◆ **Work instructions**
The expected result is the run of lines from the one containing "this 900×505 image." to the end of the listing, copied exactly.

◆ **Supplied records**
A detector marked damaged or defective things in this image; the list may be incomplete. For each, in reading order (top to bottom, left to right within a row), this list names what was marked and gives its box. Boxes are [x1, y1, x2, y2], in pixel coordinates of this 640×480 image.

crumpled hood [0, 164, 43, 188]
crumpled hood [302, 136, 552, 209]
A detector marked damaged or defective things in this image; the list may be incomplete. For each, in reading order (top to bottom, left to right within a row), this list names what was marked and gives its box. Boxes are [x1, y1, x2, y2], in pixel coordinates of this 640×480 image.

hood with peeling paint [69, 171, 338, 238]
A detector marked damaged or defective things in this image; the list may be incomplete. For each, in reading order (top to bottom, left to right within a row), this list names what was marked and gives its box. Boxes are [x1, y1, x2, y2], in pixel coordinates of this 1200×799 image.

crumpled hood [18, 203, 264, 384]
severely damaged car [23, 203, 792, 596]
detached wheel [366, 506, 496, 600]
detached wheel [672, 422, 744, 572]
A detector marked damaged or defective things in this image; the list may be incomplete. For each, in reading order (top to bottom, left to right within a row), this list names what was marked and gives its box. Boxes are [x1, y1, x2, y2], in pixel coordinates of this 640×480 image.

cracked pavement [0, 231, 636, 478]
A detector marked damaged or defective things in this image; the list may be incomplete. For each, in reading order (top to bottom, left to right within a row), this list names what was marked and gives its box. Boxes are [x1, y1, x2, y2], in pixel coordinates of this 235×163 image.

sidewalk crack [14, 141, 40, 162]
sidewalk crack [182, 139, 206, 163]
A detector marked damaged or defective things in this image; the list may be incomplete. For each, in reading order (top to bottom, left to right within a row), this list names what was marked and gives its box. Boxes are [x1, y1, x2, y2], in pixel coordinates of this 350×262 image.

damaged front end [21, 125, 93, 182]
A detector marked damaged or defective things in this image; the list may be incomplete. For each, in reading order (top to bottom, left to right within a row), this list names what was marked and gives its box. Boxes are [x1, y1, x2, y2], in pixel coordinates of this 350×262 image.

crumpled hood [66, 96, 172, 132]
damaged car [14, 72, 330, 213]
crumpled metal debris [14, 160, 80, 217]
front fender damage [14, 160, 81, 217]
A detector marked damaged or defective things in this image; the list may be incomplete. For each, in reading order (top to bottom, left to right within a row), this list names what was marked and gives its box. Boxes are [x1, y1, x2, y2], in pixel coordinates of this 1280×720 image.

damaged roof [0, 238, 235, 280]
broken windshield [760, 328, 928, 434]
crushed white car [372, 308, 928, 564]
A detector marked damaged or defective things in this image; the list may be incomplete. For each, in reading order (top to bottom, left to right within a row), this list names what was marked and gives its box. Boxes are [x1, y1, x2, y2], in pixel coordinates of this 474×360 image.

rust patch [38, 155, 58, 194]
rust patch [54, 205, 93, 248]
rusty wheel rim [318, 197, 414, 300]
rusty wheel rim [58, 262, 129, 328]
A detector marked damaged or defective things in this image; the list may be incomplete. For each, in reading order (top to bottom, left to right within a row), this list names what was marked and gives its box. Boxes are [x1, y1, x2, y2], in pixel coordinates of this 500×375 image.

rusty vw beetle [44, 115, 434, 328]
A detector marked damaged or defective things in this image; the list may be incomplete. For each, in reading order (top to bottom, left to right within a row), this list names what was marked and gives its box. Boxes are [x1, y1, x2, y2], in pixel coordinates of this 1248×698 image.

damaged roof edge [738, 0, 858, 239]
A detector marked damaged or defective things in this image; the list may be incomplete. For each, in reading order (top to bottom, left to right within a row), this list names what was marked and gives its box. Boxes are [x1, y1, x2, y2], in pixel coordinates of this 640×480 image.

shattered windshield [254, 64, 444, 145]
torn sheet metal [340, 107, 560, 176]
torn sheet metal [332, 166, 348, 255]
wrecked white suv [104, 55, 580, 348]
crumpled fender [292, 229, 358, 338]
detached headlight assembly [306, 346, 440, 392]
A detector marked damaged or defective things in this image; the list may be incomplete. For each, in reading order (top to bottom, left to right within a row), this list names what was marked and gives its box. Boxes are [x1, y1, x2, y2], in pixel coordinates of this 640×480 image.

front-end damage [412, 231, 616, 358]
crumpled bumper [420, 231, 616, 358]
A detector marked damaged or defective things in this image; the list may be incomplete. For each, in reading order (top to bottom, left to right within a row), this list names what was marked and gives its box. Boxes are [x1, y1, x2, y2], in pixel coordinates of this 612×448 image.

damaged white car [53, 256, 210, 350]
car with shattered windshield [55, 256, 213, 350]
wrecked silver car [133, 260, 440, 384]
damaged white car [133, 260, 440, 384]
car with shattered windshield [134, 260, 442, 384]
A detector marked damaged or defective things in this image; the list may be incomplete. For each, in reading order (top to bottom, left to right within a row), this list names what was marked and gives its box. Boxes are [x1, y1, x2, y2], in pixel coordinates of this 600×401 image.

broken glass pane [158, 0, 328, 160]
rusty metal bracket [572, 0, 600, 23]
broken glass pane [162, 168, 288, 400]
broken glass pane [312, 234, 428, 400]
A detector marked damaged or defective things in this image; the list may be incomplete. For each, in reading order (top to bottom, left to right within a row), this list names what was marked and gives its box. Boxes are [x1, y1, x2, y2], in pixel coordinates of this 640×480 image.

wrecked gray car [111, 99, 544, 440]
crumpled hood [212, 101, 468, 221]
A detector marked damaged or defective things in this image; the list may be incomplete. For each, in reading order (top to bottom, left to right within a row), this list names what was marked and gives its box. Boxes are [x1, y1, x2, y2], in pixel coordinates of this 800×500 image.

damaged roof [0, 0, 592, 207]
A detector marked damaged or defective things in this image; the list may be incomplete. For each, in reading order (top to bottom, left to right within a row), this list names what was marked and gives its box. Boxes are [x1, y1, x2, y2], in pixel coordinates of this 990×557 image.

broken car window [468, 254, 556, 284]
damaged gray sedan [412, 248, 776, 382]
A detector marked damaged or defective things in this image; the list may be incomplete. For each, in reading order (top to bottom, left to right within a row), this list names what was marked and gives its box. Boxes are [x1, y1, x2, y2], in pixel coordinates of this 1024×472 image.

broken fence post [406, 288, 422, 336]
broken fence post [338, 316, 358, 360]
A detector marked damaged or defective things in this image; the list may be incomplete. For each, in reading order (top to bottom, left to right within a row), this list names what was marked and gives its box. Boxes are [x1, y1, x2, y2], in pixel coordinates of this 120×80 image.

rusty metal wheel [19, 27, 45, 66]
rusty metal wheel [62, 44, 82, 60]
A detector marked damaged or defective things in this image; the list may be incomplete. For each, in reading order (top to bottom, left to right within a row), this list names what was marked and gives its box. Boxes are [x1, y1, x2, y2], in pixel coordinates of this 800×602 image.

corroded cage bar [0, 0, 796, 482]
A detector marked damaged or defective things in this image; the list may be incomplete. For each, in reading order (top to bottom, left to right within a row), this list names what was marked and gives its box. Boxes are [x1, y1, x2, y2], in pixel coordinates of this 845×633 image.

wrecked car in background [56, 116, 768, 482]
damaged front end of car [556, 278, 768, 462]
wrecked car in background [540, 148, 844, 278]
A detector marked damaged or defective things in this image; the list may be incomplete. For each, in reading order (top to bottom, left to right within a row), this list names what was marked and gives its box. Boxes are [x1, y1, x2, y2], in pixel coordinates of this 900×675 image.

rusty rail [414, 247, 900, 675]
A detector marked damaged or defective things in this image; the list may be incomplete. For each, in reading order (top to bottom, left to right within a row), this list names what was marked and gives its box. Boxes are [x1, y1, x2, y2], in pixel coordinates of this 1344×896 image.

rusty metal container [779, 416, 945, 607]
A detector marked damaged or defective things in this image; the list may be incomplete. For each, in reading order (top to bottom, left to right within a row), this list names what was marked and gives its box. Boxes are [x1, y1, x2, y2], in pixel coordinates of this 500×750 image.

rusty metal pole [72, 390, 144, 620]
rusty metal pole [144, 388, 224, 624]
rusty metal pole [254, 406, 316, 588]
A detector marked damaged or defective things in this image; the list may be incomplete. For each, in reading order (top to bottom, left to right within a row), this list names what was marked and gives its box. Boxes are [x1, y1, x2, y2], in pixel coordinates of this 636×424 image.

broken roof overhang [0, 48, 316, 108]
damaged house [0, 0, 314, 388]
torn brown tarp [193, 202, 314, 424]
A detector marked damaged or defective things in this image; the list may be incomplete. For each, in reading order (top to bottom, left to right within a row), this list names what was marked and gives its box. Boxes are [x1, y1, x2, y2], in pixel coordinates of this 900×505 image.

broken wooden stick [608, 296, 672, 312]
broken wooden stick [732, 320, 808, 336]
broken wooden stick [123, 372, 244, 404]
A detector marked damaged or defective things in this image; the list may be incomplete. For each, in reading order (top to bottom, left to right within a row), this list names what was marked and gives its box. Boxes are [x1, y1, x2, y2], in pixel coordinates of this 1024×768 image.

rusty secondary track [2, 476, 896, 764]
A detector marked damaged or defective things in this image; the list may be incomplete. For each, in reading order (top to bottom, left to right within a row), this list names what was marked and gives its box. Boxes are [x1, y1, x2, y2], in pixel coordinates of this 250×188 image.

◆ **Result for this exercise**
A detector marked damaged or defective things in this image; the list may be incomplete. For each, in reading order (top to bottom, left to right within a row), this list names what was marked and gives its box. Boxes are [x1, y1, x2, y2], in pixel coordinates of this 900×505 image.

broken wooden stick [608, 296, 672, 312]
broken wooden stick [732, 320, 808, 336]
broken wooden stick [123, 372, 244, 404]
A detector marked damaged or defective things in this image; the list may be incomplete. For each, in reading order (top to bottom, left to right within a row), this list names what was marked and gives its box. Boxes are [x1, y1, x2, y2], in pixel coordinates of this 1024×768 image.

rusty secondary track [2, 476, 896, 764]
A detector marked damaged or defective things in this image; the list may be incomplete. For each, in reading order (top to bottom, left to right within a row), this list names what was marked and gives its box. Boxes are [x1, y1, x2, y2], in pixel coordinates of this 250×188 image.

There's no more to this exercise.